Das Team analysierte fast 4000 Armbewegungen, festgehalten in 25 einminütigen Videos von wild lebenden Tintenfischen. Die Aufnahmen entstanden zwischen 2007 und 2015 im Atlantik und in der Karibik. Bei den gefilmten Tintenfischen handelte es sich entweder um Gewöhnliche Kraken (Octopus vulgaris) oder um die eng verwandten Arten Octopus insularis und Octopus americanus

Die Forschenden identifizierten zwölf verschiedene Armbewegungen in 15 Verhaltensweisen, die jeweils eine oder mehrere der vier grundlegenden Armverformungen umfassten: Verkürzung (die Armlänge nimmt ab), Verlängerung (die Armlänge nimmt zu), Biegung (der Arm krümmt sich) und Torsion (Verdrehung). Die Forschenden stellten fest, dass verschiedene Bereiche jedes Arms – proximal (am nächsten zum Körper), medial (mittlerer Abschnitt) und distal (Spitze) – auf bestimmte Arten der Armverformung spezialisiert waren, was ein hohes Maß an funktioneller Spezialisierung widerspiegelt: Biegungen traten meist in der Nähe der Spitzen auf, während Verlängerungen häufiger in der Nähe des Körpers vorkamen.

Es zeigte sich auch, dass alle Kraken sämtliche acht Arme auf vier verschiedene Arten verformen und alle Bewegungen mit jedem Arm ausführen konnten. Das Team stellte außerdem fest, dass die Arme auf beiden Seiten des Körpers gleichermaßen verwendet werden, die vorderen vier Arme jedoch deutlich häufiger als die hinteren vier. Die vorderen werden eher zur Erkundung der Umgebung verwendet, während die hinteren Arme eher dazu dienen, den Oktopus fortzubewegen. Infolgedessen führen die Tiere zwei Bewegungen häufiger mit den hinteren Armen aus: das Rollen, bei dem sich der Arm ähnlich wie ein Förderband unter dem Körper entlang des Meeresbodens bewegt, und das Stelzen, bei dem der Arm gerade nach unten ausgestreckt wird, um den Körper anzuheben.

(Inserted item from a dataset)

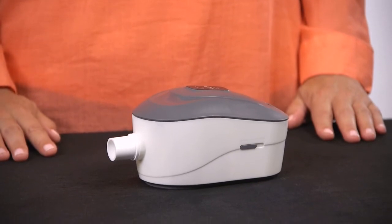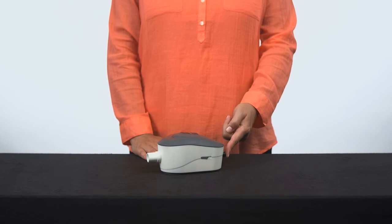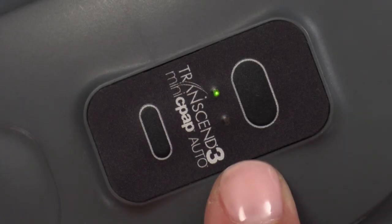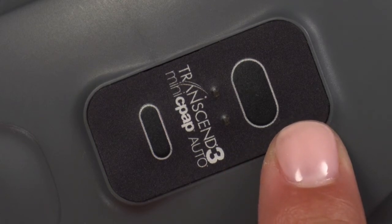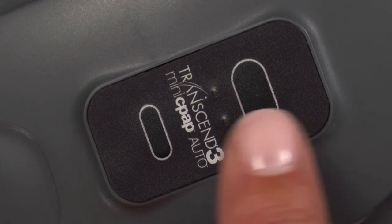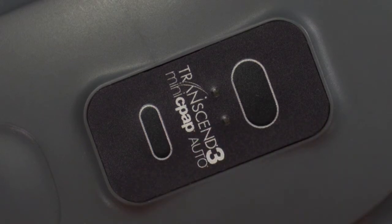Turning the device on is easy. To begin, plug in your Transcend 3 Mini CPAP. The LED lights will flash then turn off, signaling the CPAP is ready. Press the large button on top to begin therapy, then press the smaller button below it to enable the ramp feature once the CPAP is in operation.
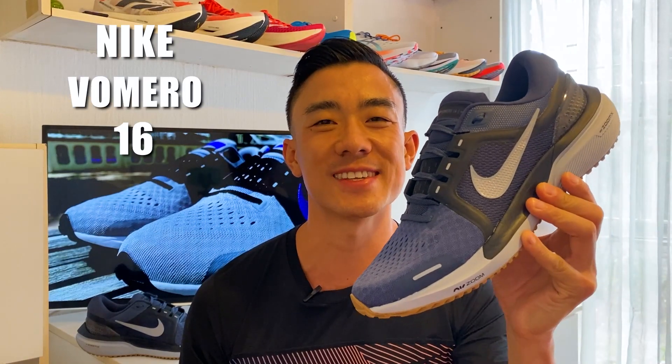Welcome back to Running Shoes Guru. My name is Brandon and today I'm reviewing the Nike Vomero 16.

"Wenn sich Kraken in einer offenen Umgebung bewegen, setzen sie geschickt mehrere Arme ein, um sich vor Raubtieren zu tarnen, beispielsweise durch den Trick mit dem sich bewegenden Stein oder indem sie wie schwimmende Algen aussehen", sagte Bennice. "Über die Nahrungssuche und Fortbewegung hinaus sind ihre Armkraft und Flexibilität unerlässlich, um Höhlen zu bauen, Raubtiere abzuwehren und sich während der Paarungszeit gegen rivalisierende Männchen durchzusetzen. Diese vielseitigen Fähigkeiten ermöglichen es Kraken, in einer Vielzahl von Lebensräumen zu gedeihen."